Research Information System
Engineering Applications of Artificial Intelligence, vol.163, 2026 (SCI-Expanded, Scopus)
This study presents an intelligent decision-support framework for addressing the Projects–Bidders Matching (PBM) problem in public procurement, designed to handle heterogeneous and uncertain information. The approach employs fuzzy set theory, through triangular fuzzy numbers, intuitionistic fuzzy sets, and linguistic evaluations, to capture vagueness, hesitancy, and imprecision in expert judgments. To determine the relative importance of criteria from project and bidder perspectives, we employ a hybrid weighting mechanism that combines deviation from a reference point with entropy-based measures to derive data-driven weights.

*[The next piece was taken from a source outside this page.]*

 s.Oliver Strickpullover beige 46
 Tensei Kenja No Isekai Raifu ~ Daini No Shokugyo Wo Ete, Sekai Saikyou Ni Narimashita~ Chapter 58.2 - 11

By combining fuzzy modeling, objective weighting, and behavioral decision theory within an artificial intelligence framework, the model enhances explainability and supports data-driven decision-making under uncertainty. From an engineering perspective, the framework is applied to optimize bidder assignments in real-world Indian public procurement scenarios. A multi-objective optimization model is formulated to (i) maximize cumulative prospect values that jointly reflect individual preferences and socially influenced preferences for both bidders and projects, (ii) minimize the absolute deviation between these cumulative prospect values, ensuring fairness, transparency, and alignment and (iii) satisfy a stability constraint to ensure that no bidder–project pair has an incentive to deviate from the assigned matching. The framework’s effectiveness is demonstrated through a practical case study, and its robustness is validated through extensive sensitivity and variation analyses.